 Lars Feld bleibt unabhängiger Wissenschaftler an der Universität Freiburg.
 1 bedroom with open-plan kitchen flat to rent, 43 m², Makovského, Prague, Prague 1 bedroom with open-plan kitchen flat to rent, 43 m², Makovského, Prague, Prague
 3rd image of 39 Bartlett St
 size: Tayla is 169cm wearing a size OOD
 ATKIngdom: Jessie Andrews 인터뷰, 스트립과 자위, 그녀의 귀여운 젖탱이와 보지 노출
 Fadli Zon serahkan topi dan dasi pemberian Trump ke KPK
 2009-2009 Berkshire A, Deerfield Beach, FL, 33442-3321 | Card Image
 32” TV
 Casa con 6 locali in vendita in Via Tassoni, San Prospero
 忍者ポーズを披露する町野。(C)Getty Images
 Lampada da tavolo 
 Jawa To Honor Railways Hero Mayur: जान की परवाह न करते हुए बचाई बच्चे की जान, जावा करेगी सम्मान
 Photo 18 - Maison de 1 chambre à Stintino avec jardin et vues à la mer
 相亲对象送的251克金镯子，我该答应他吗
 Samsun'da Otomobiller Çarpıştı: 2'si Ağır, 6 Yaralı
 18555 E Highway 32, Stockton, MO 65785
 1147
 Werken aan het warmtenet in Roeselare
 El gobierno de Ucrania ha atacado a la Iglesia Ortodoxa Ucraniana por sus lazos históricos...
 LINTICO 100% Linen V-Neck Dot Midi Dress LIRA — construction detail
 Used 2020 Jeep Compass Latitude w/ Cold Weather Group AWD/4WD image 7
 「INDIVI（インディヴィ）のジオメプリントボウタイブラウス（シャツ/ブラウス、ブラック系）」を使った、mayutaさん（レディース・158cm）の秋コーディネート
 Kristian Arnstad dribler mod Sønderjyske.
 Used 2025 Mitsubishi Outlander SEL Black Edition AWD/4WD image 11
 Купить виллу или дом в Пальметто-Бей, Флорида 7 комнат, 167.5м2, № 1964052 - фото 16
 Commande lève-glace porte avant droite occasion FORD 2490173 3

(EXERCISE PROMPT):
If a line of the entries above holds "Used", count it, then report the total alone.

(RESPONSE BELOW):
2